■ WORK INSTRUCTION ■
Starting with the line that contains "Lagos Caviar Sterling" and stopping after the line that contains "103.5 MPH On", copy the entries below exactly. Include nothing else.

■ RECORDS TO USE ■
▼

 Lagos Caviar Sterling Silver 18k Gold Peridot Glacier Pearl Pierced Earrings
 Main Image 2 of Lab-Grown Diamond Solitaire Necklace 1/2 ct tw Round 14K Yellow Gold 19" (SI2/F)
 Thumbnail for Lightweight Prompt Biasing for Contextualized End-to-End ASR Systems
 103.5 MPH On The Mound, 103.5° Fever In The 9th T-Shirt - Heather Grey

▲
▼

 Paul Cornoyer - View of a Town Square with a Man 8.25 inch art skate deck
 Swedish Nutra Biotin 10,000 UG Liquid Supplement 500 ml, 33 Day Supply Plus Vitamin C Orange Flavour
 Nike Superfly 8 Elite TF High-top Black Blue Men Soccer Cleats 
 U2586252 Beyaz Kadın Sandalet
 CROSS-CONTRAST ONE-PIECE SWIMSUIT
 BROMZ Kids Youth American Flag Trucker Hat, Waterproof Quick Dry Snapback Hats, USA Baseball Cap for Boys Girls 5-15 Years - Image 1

▲
▼

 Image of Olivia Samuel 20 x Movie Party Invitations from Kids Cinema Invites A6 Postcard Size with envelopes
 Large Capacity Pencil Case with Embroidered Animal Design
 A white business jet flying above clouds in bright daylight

▲

■ RESULT OF THE EXERCISE ■
 Lagos Caviar Sterling Silver 18k Gold Peridot Glacier Pearl Pierced Earrings
 Main Image 2 of Lab-Grown Diamond Solitaire Necklace 1/2 ct tw Round 14K Yellow Gold 19" (SI2/F)
 Thumbnail for Lightweight Prompt Biasing for Contextualized End-to-End ASR Systems
 103.5 MPH On The Mound, 103.5° Fever In The 9th T-Shirt - Heather Grey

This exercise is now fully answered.